Duas passagens foram alvo dessa estratégia, afirma o linguista. Uma foi aquela em que o livro responde "pode" à pergunta se se pode dizer "Os menino pegam o peixe".

- "Pode" foi lida como se a forma devesse ser ensinada na escola (quando é apenas apresentada e analisada brevemente na obra); poderia ser lida como uma constatação (se os autores escrevessem "muitos dizem" talvez o livro não tivesse sido lido tão grosseiramente); além do mais, está escrito que a escola deve ensinar a norma culta: essa passagem às vezes foi "esquecida" pela imprensa - responde Possenti.

 O outro trecho que provocou confusão, aponta o professor, foi o aviso de que, dependendo da circunstância, poderia ser objeto de preconceito.

- O trecho foi lido como uma defesa do "erro". Mas toda essa grita mostra que há mesmo preconceito...

O linguista divertiu-se com muitas declarações de quem viu no livro uma defesa do erro.
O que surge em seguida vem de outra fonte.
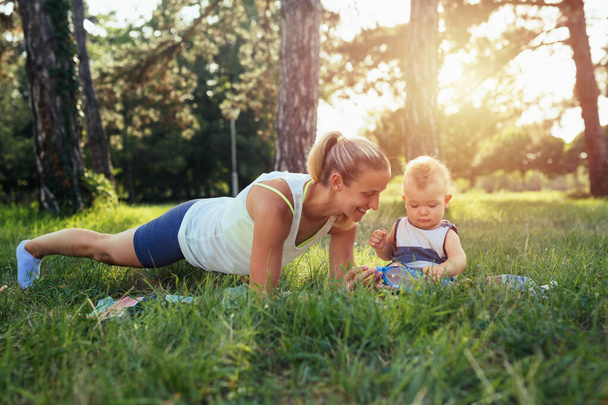 young mother physical exercises with her baby boy outdoor in public park - Fotoğraf, Görsel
Vários analistas, diz Possenti, produziram formas que condenariam, como "Quando eu tava na escola"; "A língua é onde nos une" e "Onde fica as leis de concordância?".

- Uma leitura mais desapaixonada por parte dos leigos em linguística (ou uma leitura técnica de  especialistas) mostraria que o livro trata só da comparação entre duas formas, uma padrão e outra popular, de concordância de gênero e de verbo com sujeito. Um fato absolutamente banal e corriqueiro - afirma ele.

O gramático Ataliba de Castilho, da USP, diz que leituras desfocadas são comuns ante obras do gênero.

- Outro dia li na internet um cara me desancando porque em minha Nova Gramática do Português Brasileiro menciono a variante popular, e o cara entendeu que eu estava dizendo que tudo aquilo agora é "norma" - lembra.

Abordagem
Ataliba considera que, dada a facilidade com que o tema tende a ser mal-interpretado, os linguistas devem redobrar o cuidado na abordagem.

- Talvez a confusão venha do uso, por linguistas, da expressão "norma vernácula", para remeter à língua familiar, não interessando qual o nível sociocultural da família. Como entre nós "norma" tem um sentido muito preciso, arma-se a confusão. Que terá suas vantagens, pois será sempre oportunidade para esclarecer as coisas - diz.

Se quisessem blindar o livro de ataques abaixo da cintura, os autores nem teriam tanto trabalho para reformular a redação, avaliam os especialistas. A resposta à pergunta "Mas posso dizer 'os livro'?" poderia não ser "É claro que pode", mas "Pode, dependendo do tipo de texto que você estiver escrevendo". Do jeito que está a resposta, se tirada do contexto (como foi), pode-se inferir que os autores dizem que a exigência da norma culta é sempre preconceituosa, o que não é verdade nem foi escrito.

Contra a ignorância e o mal-entendido, todo cuidado é pouco.